Reprendre Marietta est en projet mais il y a tant de répertoires qui m’intéressent que les reprises sont rares. A part Lulu, il n’y a guère que Susanna des Nozze Figaro, Rosalinde dans Fledermaus et Sophie de Rosenkavalier et c’est tout... J’ai adoré chanter La Straniera de Bellini. Je pense reprendre Maria Stuarda de Donizetti un jour. A Aix-en-Provence, il y a eu ce Don Giovanni avec Dmitri Tcherniakov mais cela a été la seule et unique fois où j’ai abordé le rôle de Donna Anna.


Vous avez une voix colorature qui vous permet de tout faire…

En fait, je crois qu’aborder de nombreux répertoires m’a permis de garder la tension et la gamme.

Il y a des rôles que vous allez abandonner ?

Traviata, certainement… Susanna ou Sophie car je les ai beaucoup chantés. Je me vois toujours plus en Susanna qu’en Comtesse. La Maréchale serait envisageable mais Arabella de Strauss me tente plus et surtout la Kaiserin dans Die Frau ohne Schatten. J’ai dit au revoir à Lulu en 2015 au Metropolitan Opera. Les rôles que j’aime, je les garderais bien pour toujours mais il faut passer à autre chose…

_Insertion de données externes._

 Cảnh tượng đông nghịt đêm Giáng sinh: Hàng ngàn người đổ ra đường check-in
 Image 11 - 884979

Après avoir incarné Leonore, allez-vous aborder ce rôle mais dans Fidelio, cette fois ?

C’est dans les projets… Désormais, on confie cette partie à des voix sopranos plus lourdes car les habitudes ont évolué avec des orchestres plus fournis. Mais si vous avez un chef comme Kirill Petrenko qui laisse s’épanouir la musique comme il se doit, vous pouvez le faire en toute confiance.

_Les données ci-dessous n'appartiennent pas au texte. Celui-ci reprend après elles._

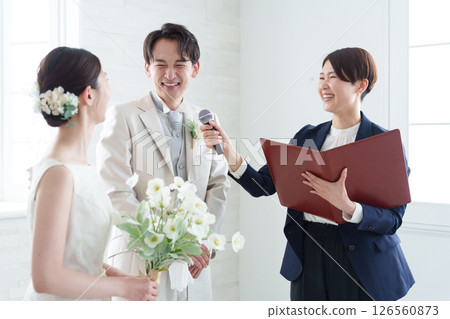婚禮招待會主持人和新娘新郎 126560873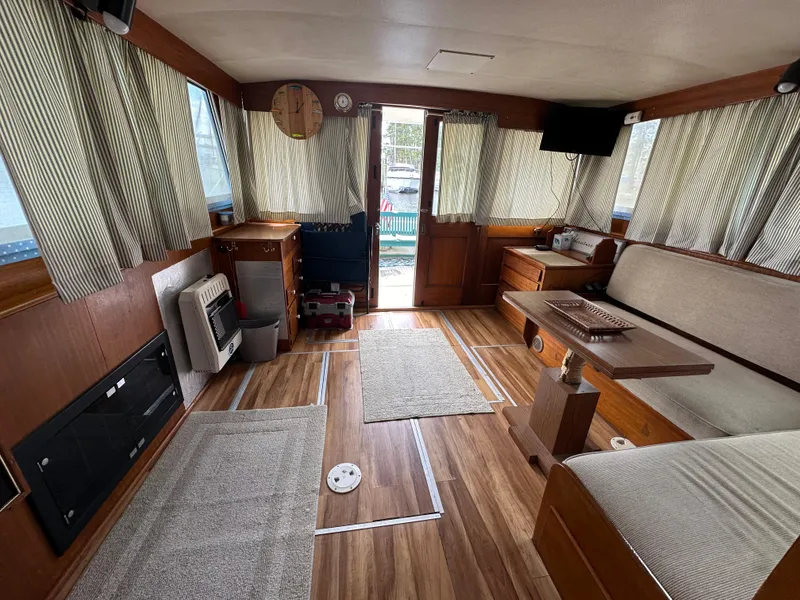 Slide: The Image of 1968 Hatteras 40 ft. - 20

Vous avez également chanté des rôles en français comme Manon, Thaïs et Ophélie ?

Ces opéras ne sont pas fréquemment joués, surtout dans les pays germaniques. Et je soupçonne mes collègues chefs de ne pas trop aimer ce répertoire qui demande légèreté et profondeur mais j’aimerais tellement refaire Thaïs… Lorsque vous êtes à l’affiche de deux ou trois productions dans la saison, votre temps est déjà bien rempli avec le travail en amont, les répétitions, etc. Les emplois du temps ne vous permettent pas toujours de prendre le temps que vous souhaitez pour faire tout ce que vous voulez. Là par exemple, j’aimerai prendre quatre semaines de vacances ! (rires)

Propos recueillis le 9 novembre 2017.